Work required »
Below is a listing; retype exactly the lines between the one containing "Panme đo trong" and the one containing "Preview for 32", inclusive, minus the pictures.

The records »
##############################

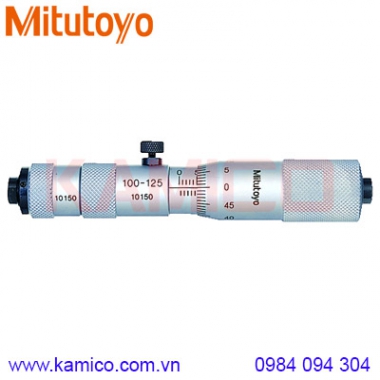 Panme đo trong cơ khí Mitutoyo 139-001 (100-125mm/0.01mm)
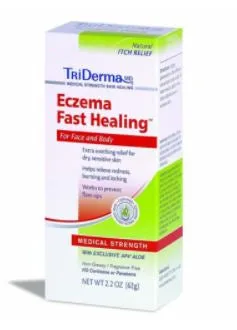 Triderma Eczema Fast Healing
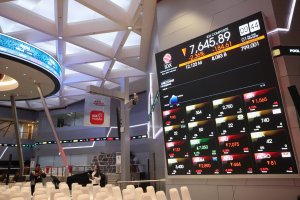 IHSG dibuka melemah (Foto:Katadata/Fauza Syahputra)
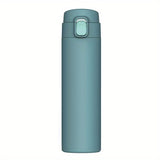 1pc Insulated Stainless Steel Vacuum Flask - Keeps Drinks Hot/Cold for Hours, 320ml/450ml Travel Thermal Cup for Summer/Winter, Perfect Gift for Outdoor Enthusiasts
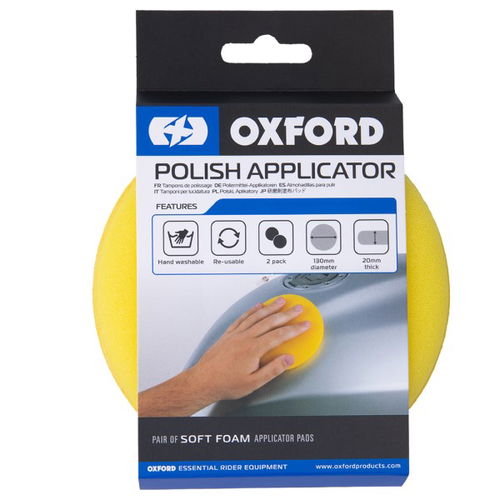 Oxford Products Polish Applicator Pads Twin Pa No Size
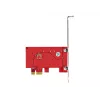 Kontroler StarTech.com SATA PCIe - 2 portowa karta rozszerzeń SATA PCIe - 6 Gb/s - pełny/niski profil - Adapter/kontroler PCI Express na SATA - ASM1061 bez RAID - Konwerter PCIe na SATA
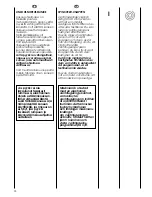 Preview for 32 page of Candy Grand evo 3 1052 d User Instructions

##############################

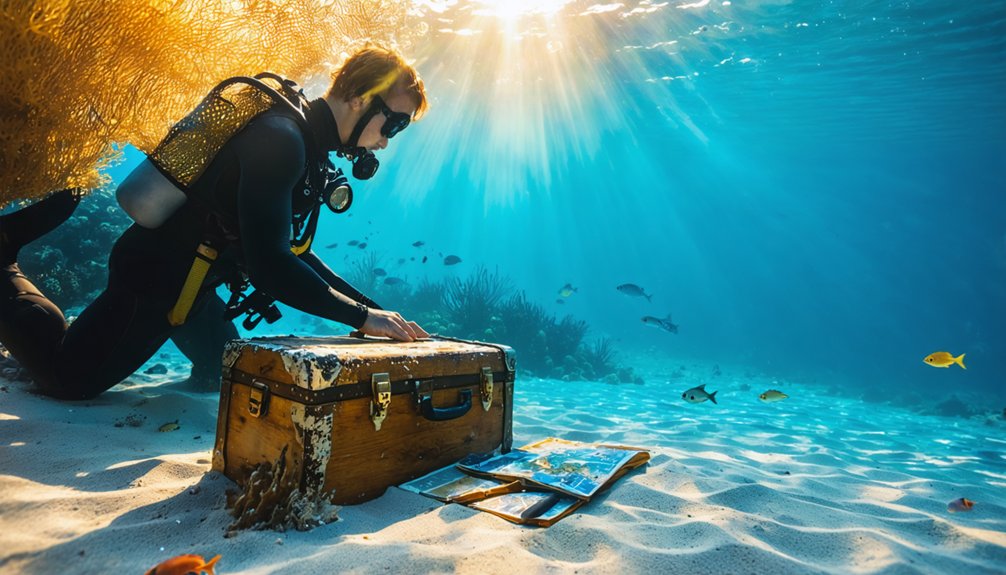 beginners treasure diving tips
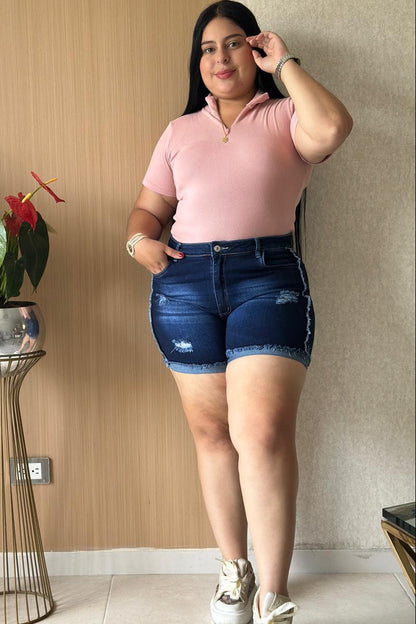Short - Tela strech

##############################

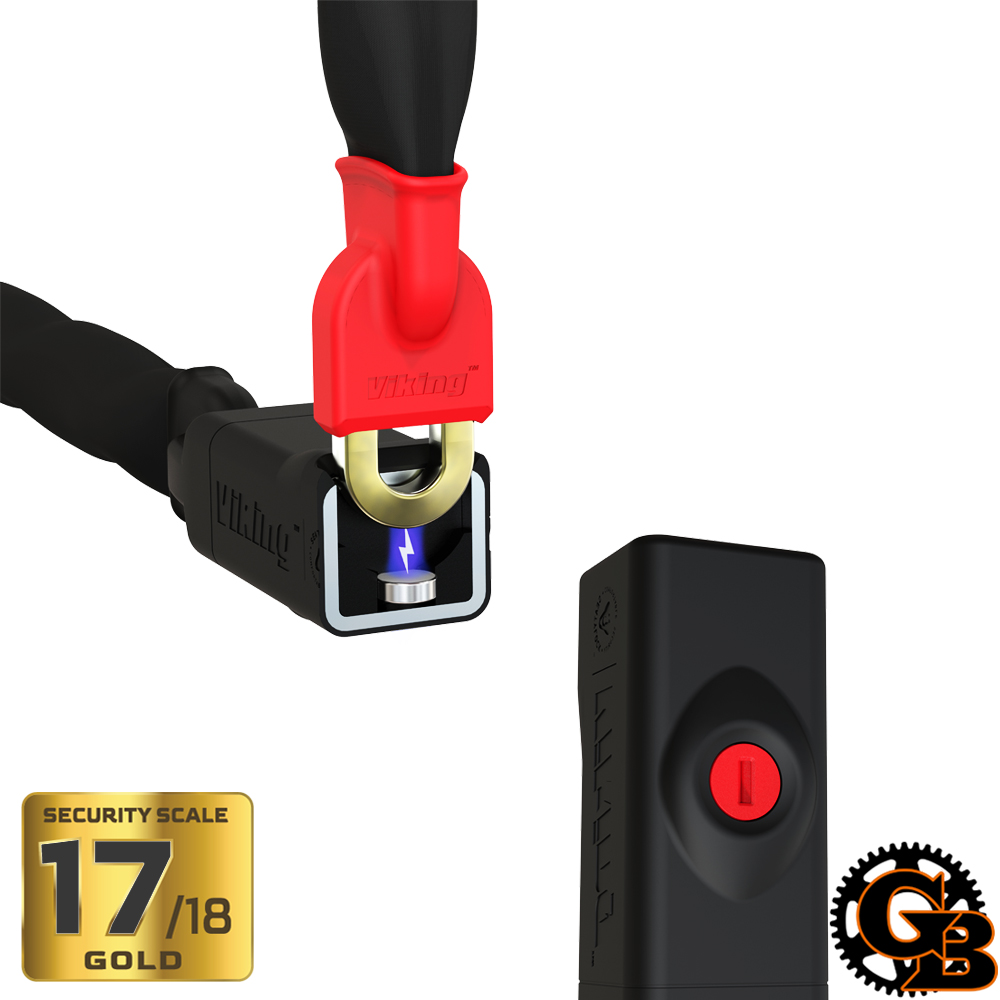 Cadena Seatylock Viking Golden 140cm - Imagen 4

##############################

Expected output »
 Panme đo trong cơ khí Mitutoyo 139-001 (100-125mm/0.01mm)
 Triderma Eczema Fast Healing
 IHSG dibuka melemah (Foto:Katadata/Fauza Syahputra)
 1pc Insulated Stainless Steel Vacuum Flask - Keeps Drinks Hot/Cold for Hours, 320ml/450ml Travel Thermal Cup for Summer/Winter, Perfect Gift for Outdoor Enthusiasts
 Oxford Products Polish Applicator Pads Twin Pa No Size
 Kontroler StarTech.com SATA PCIe - 2 portowa karta rozszerzeń SATA PCIe - 6 Gb/s - pełny/niski profil - Adapter/kontroler PCI Express na SATA - ASM1061 bez RAID - Konwerter PCIe na SATA
 Preview for 32 page of Candy Grand evo 3 1052 d User Instructions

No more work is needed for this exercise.